**Exercise**
Filter this data down to the lines that hold "interior", and copy them.

**Data records**
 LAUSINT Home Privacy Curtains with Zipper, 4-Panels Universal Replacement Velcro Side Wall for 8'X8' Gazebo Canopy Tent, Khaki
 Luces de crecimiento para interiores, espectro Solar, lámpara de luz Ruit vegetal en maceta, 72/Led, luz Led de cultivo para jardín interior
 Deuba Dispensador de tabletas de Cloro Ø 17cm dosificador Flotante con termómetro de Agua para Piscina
---
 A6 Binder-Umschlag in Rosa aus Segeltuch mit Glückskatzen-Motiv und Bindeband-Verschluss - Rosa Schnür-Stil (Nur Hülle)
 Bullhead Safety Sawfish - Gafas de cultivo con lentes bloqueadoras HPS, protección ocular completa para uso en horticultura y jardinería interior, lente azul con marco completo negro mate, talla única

**Exercise answer**
 Luces de crecimiento para interiores, espectro Solar, lámpara de luz Ruit vegetal en maceta, 72/Led, luz Led de cultivo para jardín interior
 Bullhead Safety Sawfish - Gafas de cultivo con lentes bloqueadoras HPS, protección ocular completa para uso en horticultura y jardinería interior, lente azul con marco completo negro mate, talla única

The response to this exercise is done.